La zia di Eitan è in Israele accompagnata da funzionari diplomatici con l’obiettivo ben preciso di riportare il piccolo, l’unico sopravvissuto alla strage del Mottarone, a casa «in modo pacifico e senza ritardi». Adesso, dunque, si sceglie la strada del dialogo e della mediazione per evitare il peggio. A dirlo è il portavoce Eytan Har-Or confermando l’arrivo della affidataria della tutela del piccolo in Israele, dove si trova attualmente il minore in compagnia del nonno Shmuel. A confermare che la donna, ora in quarantena, si trovi già in Israele – dove è in corso «un’indagine penale nei confronti dei rapitori» – è anche suo marito Or Nirko, zio paterno di Eitan, in un messaggio inviato ai giornalisti che si trovano davanti alla sua abitazione a Travacò Siccomario, in provincia di Pavia. «Vi confermo che mia moglie Aya è già in Israele», ha detto. La donna è «turbata dalle informazioni circa lo stato psicologico e mentale di Eitan e di quanto viene compiuto dai suoi rapitori nel lungo periodo che è nelle loro mani». «La casa di Eitan – ha aggiunto il portavoce della donna – è in Italia. Eitan deve rientrare senza ritardi affinché possa proseguire i suoi studi in prima elementare che aveva iniziato una settimana prima del rapimento e che aspettava con ansia e a cui si era preparato molto. E che possa proseguire le cure di riabilitazione e di sostegno mentale in corso, interrotte a causa del rapimento».
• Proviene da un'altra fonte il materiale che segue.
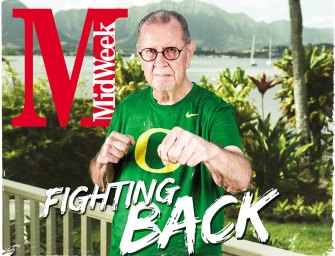 Fighting Back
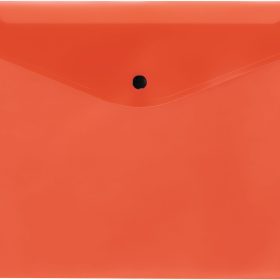 KOLMA Dokumententasche Easy A4 08.150.04 rot 50 Blatt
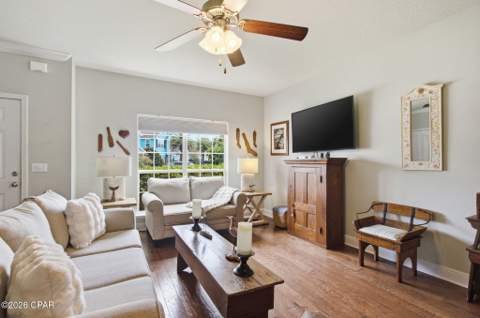 330 Madison Circle, Panama City Beach FL - photo 10 of 37
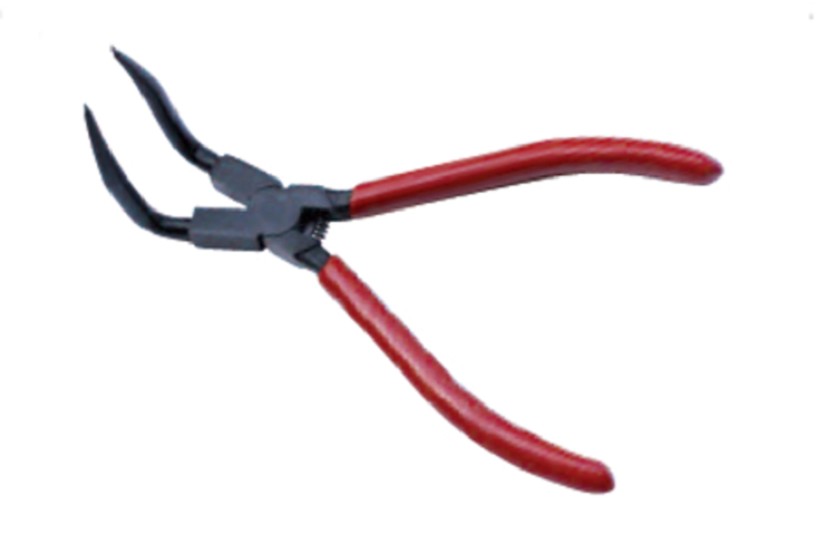 BUZZETTI Circlip® Sicherungsring-Winkelzange 90° BUZZETTI Circlip® Sicherungsring-Winkelzange 90°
La visita del console a Eitan in Israele
Qualche giorno fa, il 17 settembre, il console dell’ambasciata italiana a Tel Aviv era riuscito a incontrare il piccolo, sempre alla presenza del nonno materno Shmuel Peleg. Una visita che era stata organizzata dalla Farnesina in collaborazione con le autorità locali. Il console, in quell’occasione, ha dichiarato che Eitan era «in buone condizioni di salute». Un altro zio paterno, che è riuscito a vederlo subito dopo, tramite i suoi avvocati ha parlato però di «chiari segni di istigazione e di lavaggio del cervello». Le condizioni fisiche, però, ha confermato, erano «buone».